In the records below, find the line containing "Garden sofa set", then copy that line and all lines after it, exactly, omitting every picture.

--- GIVEN ENTRIES Enclosed Below ---

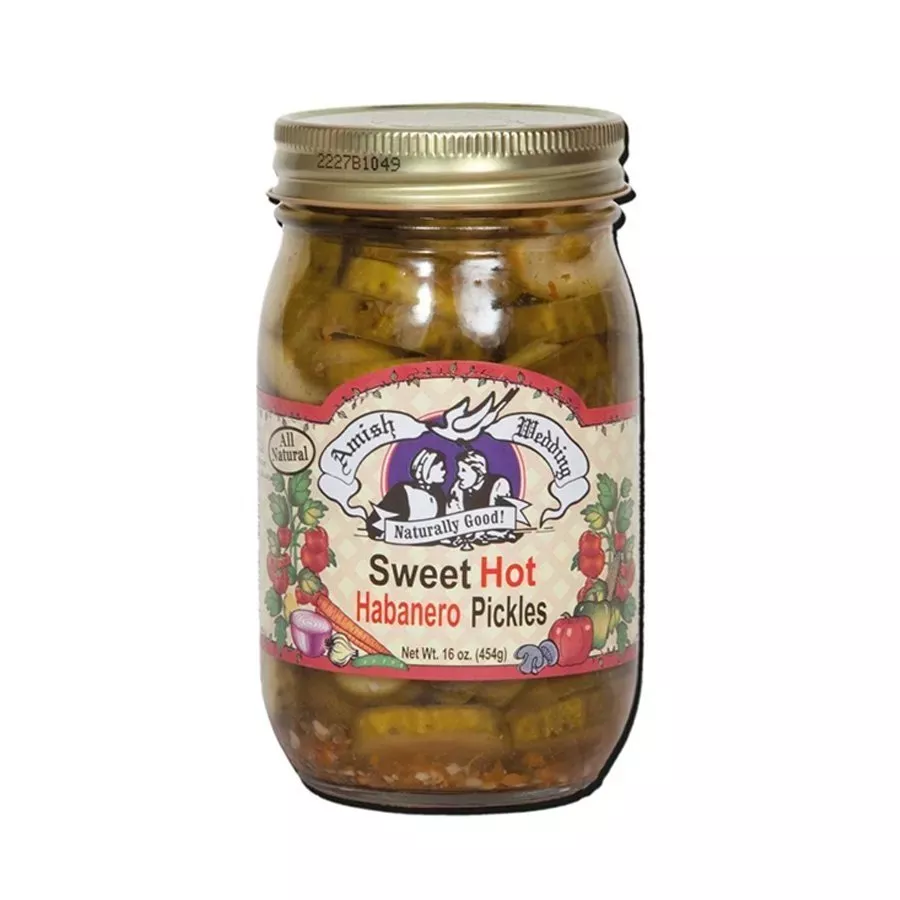 Amish Wedding Sweet Hot Habanero Pickles - 16 oz
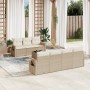 Garden sofa set with beige cushions 8 pcs PE rattan by , Garden sets - Ref: Foro24-3219927, Price: 530,59 €, Discount: %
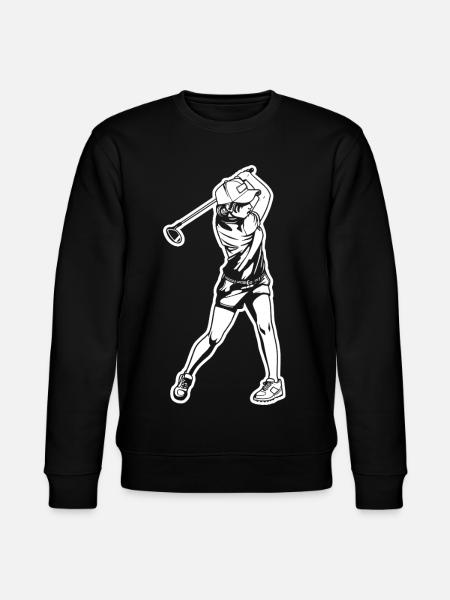Golfer Sketch - Stanley/Stella CHANGER Unisex Organic Sweatshirt - black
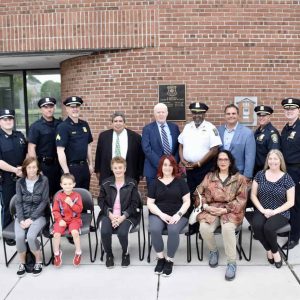 Police Chief Steve Mazzie, Bishop Robert Brown and Mayor Carlo DeMaria joined residents to pay tribute to the police officers who are no longer with us.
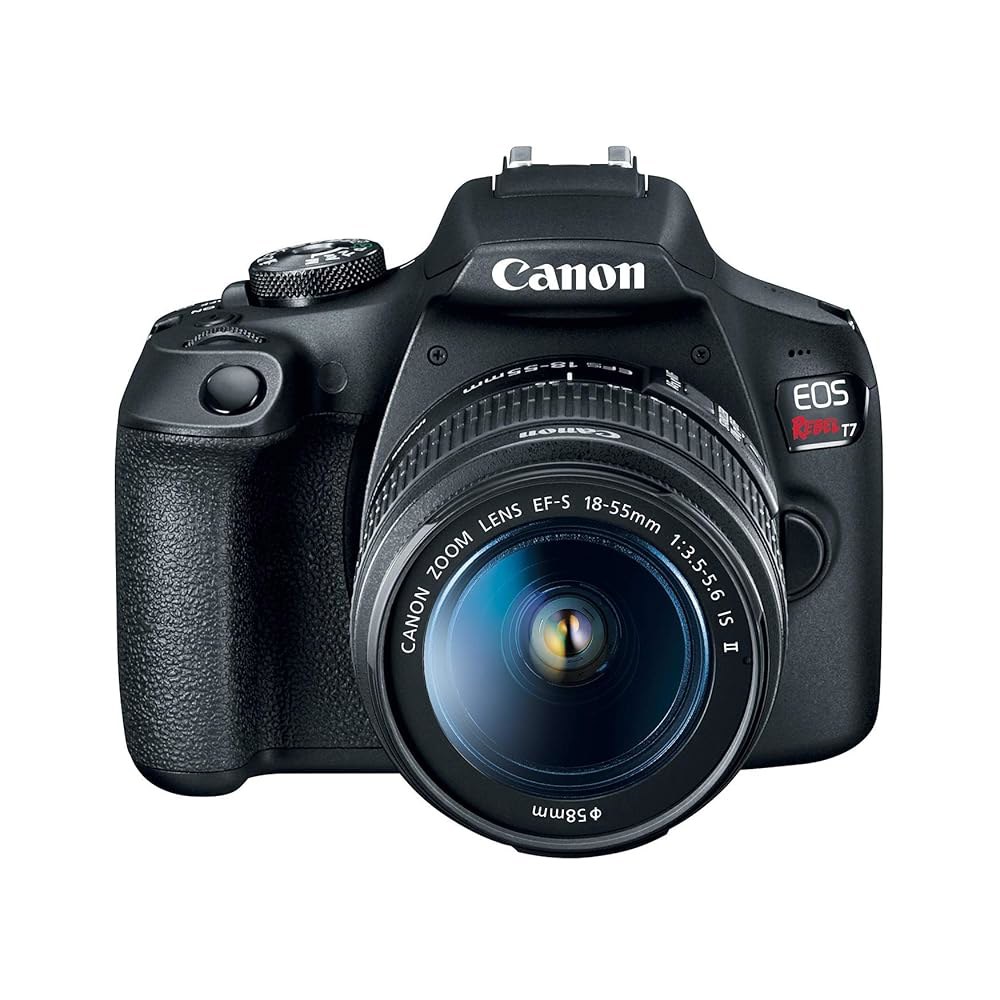 18-55mm 렌즈가 장착된 캐논 EOS 레벨 T7 DSLR 카메라(블랙) (갱신) 5 Standalone - 상세 이미지 2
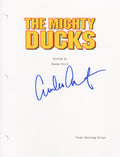 Emilio Estevez Signed Mighty Ducks Movie Script Cover Page - ESTOTH501 - Emilio Estevez Signed Mighty Ducks Movie Script Cover Page product image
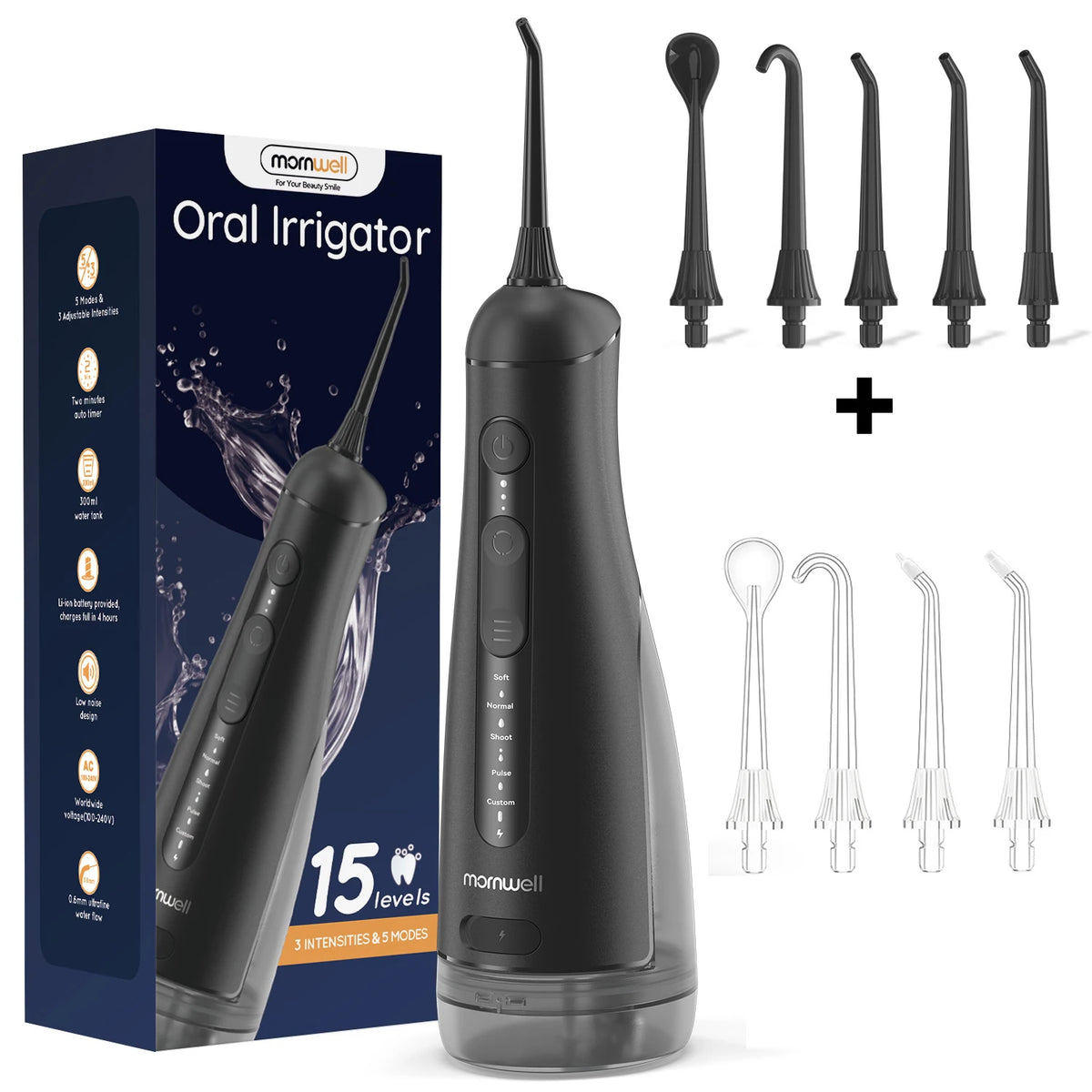 Cordless Water Flosser for Teeth and Braces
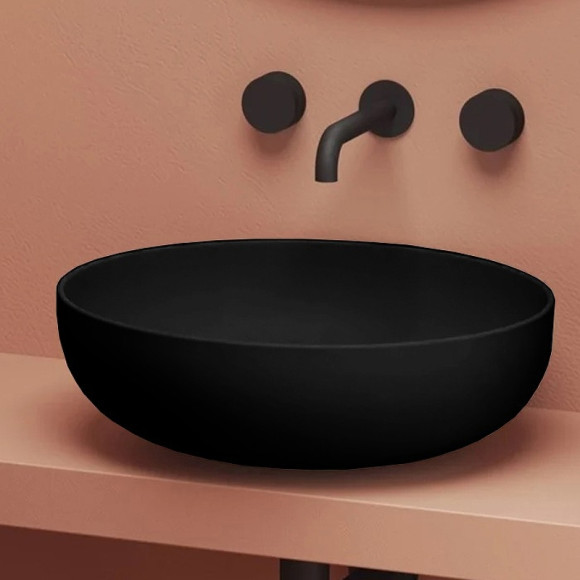 Раковина-чаша Artceram Jolie 50 JOL001 17 00 Черная матовая Раковина-чаша Artceram Jolie 50 JOL001 17 00 Черная матовая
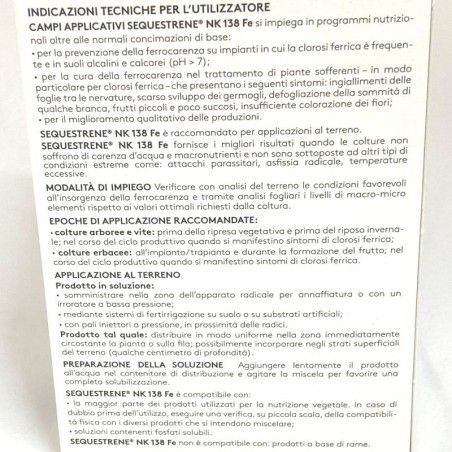 Sequestrene NK 138 Fe iron chelate in water-soluble... 2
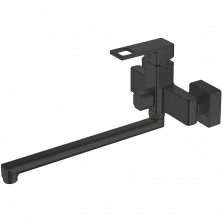 HAIBA Смеситель для ванны 250мм, черный матовый HB-22615-7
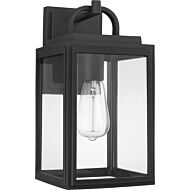 Grandbury 1-Light Wall Lantern in Black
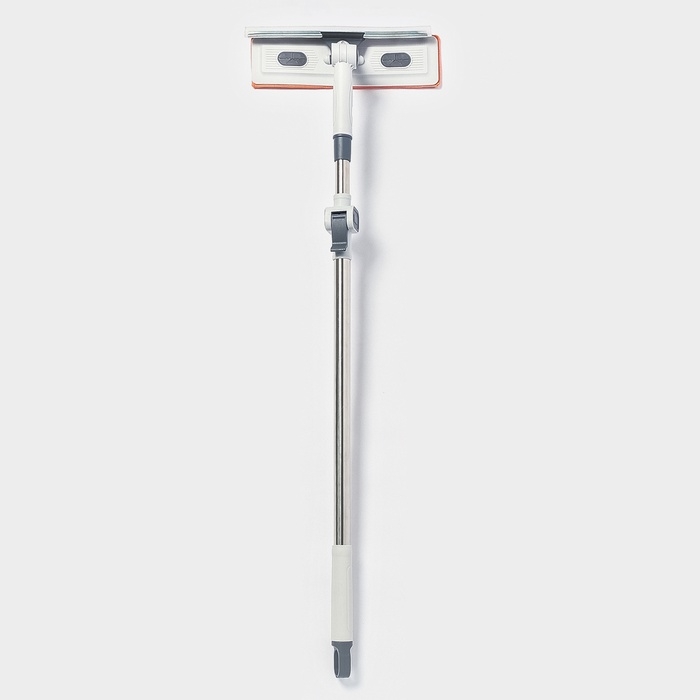 Оконная швабра с креплением на липучке 30х8 см, длина 103-145 см, 2 насадки, 45+180 поворот   107959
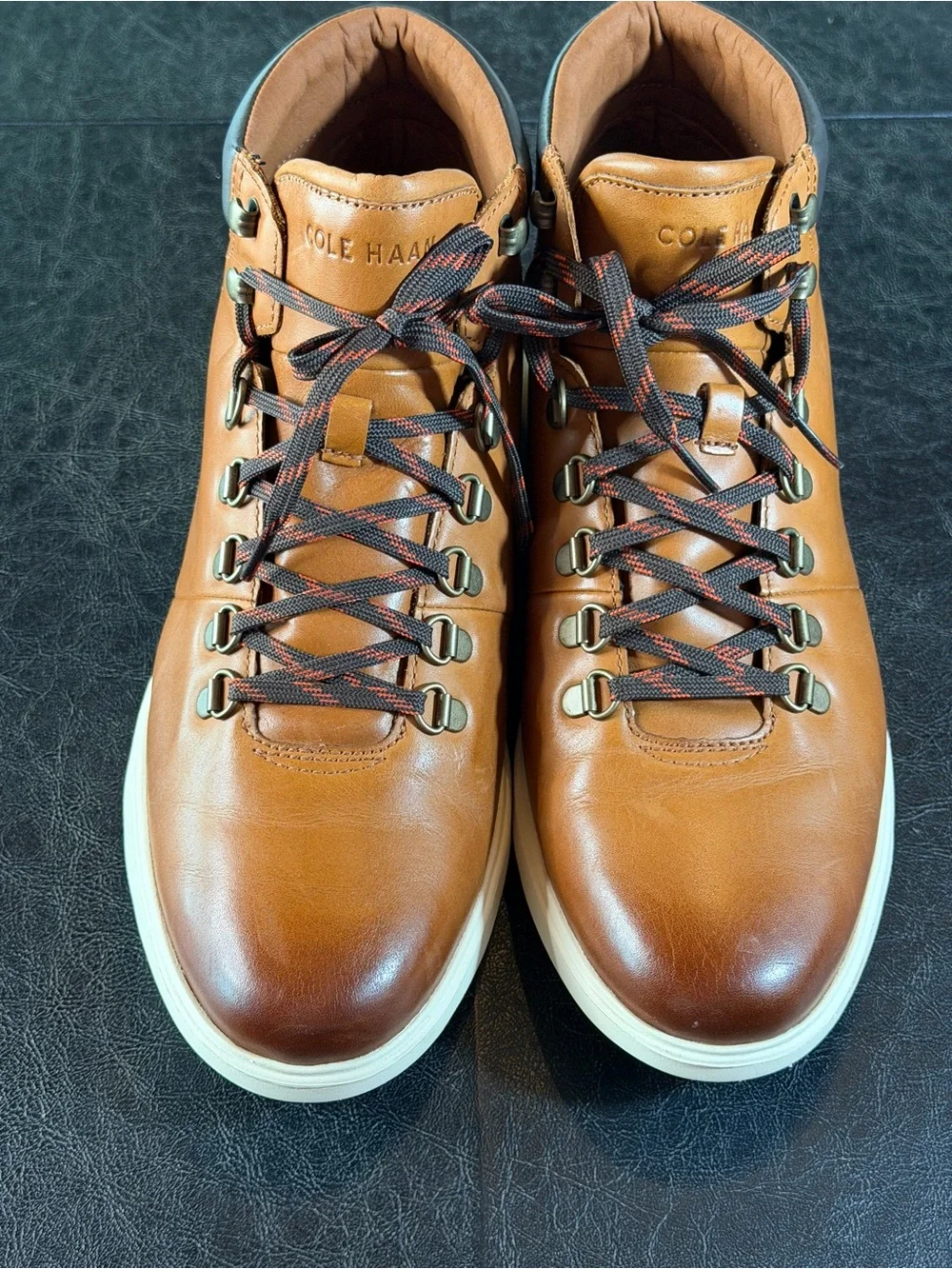 Cole Haan Men's Chukka Boots Tan Leather with White Soles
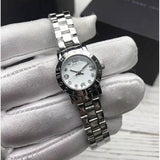 Buy Shop Marc Jacobs Amy Dinky White Dial Silver Steel Strap Watch for Women - MBM3225 USA Online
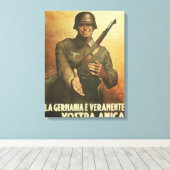 Deutschland Propaganda Poster Leinwanddruck (Insitu (Holzboden))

--- End of Enclosed GIVEN ENTRIES ---

§ YOUR RESPONSE:
 Garden sofa set with beige cushions 8 pcs PE rattan by , Garden sets - Ref: Foro24-3219927, Price: 530,59 €, Discount: %
Golfer Sketch - Stanley/Stella CHANGER Unisex Organic Sweatshirt - black
 Police Chief Steve Mazzie, Bishop Robert Brown and Mayor Carlo DeMaria joined residents to pay tribute to the police officers who are no longer with us.
 18-55mm 렌즈가 장착된 캐논 EOS 레벨 T7 DSLR 카메라(블랙) (갱신) 5 Standalone - 상세 이미지 2
 Emilio Estevez Signed Mighty Ducks Movie Script Cover Page - ESTOTH501 - Emilio Estevez Signed Mighty Ducks Movie Script Cover Page product image
 Cordless Water Flosser for Teeth and Braces
 Раковина-чаша Artceram Jolie 50 JOL001 17 00 Черная матовая Раковина-чаша Artceram Jolie 50 JOL001 17 00 Черная матовая
 Sequestrene NK 138 Fe iron chelate in water-soluble... 2
 HAIBA Смеситель для ванны 250мм, черный матовый HB-22615-7
 Grandbury 1-Light Wall Lantern in Black
 Оконная швабра с креплением на липучке 30х8 см, длина 103-145 см, 2 насадки, 45+180 поворот   107959
 Cole Haan Men's Chukka Boots Tan Leather with White Soles
 Buy Shop Marc Jacobs Amy Dinky White Dial Silver Steel Strap Watch for Women - MBM3225 USA Online
 Deutschland Propaganda Poster Leinwanddruck (Insitu (Holzboden))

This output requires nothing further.